The cumulative evidence of harm was significant enough that many pharmaceutical manufacturers didn’t wait for the FDA to act. Members of the Consumer Healthcare Products Association voluntarily pulled infant and toddler cough and cold products from the market during the FDA’s review process. The FDA ultimately warned that children under two should not be given any cough or cold product containing a decongestant or antihistamine, citing the potential for serious and life-threatening side effects. Manufacturers then voluntarily relabeled their remaining products to read “do not use in children under 4 years of age.”
For a brand like Dimetapp, which had built its identity around being a go-to children’s cold medicine, these restrictions fundamentally changed how the product could be marketed and sold. The infant formulations disappeared entirely, and the remaining products carried new age warnings that hadn’t existed before.
What Dimetapp Looks Like Today
Current Dimetapp products contain brompheniramine (1 mg per teaspoon) and pseudoephedrine (15 mg per teaspoon). These are the same general categories of drugs as the original, an antihistamine and a decongestant, but with the safer pseudoephedrine replacing the now-banned PPA. The products are labeled for children four and older, and they’re no longer available in the infant formulations that once lined pharmacy shelves.
The brand has also changed ownership over the years, passing through several pharmaceutical companies. Combined with the formula changes and tighter age restrictions, the Dimetapp on shelves today shares little more than a name and a grape flavor with the version from the 1990s.

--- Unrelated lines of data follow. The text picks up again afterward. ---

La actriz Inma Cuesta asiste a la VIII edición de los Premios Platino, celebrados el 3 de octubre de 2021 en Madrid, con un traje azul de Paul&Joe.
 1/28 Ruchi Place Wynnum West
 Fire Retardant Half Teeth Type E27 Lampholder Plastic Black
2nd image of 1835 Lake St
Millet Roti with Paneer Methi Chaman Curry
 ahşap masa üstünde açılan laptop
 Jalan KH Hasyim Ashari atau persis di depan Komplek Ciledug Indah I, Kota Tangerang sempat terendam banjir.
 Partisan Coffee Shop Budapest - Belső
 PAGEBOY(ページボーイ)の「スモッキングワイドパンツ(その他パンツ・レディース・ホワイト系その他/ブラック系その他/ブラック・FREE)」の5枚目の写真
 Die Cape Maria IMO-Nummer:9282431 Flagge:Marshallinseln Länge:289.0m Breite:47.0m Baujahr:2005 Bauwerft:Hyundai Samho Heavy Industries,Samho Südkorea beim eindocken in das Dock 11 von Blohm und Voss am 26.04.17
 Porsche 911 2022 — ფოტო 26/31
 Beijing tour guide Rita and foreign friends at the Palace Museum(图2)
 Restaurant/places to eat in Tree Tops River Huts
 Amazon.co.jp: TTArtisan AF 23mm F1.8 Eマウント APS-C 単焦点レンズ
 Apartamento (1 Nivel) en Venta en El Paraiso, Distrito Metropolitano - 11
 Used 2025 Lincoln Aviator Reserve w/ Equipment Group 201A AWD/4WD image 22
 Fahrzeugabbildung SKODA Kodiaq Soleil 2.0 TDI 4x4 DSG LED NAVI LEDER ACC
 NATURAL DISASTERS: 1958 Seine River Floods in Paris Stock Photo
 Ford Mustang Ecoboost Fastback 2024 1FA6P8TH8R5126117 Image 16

Why Some People Think It’s Fully Discontinued
The confusion is understandable. The original formula was removed. Infant versions were pulled. The brand changed hands. And depending on where you shop, certain Dimetapp products can be hard to find due to shifting retail availability and the fact that pseudoephedrine products are sometimes kept behind the pharmacy counter. If you go looking for the specific Dimetapp you or your parents used decades ago, it genuinely doesn’t exist anymore. What remains is a reformulated product under the same brand name, sold with significantly more restrictions than the original ever had.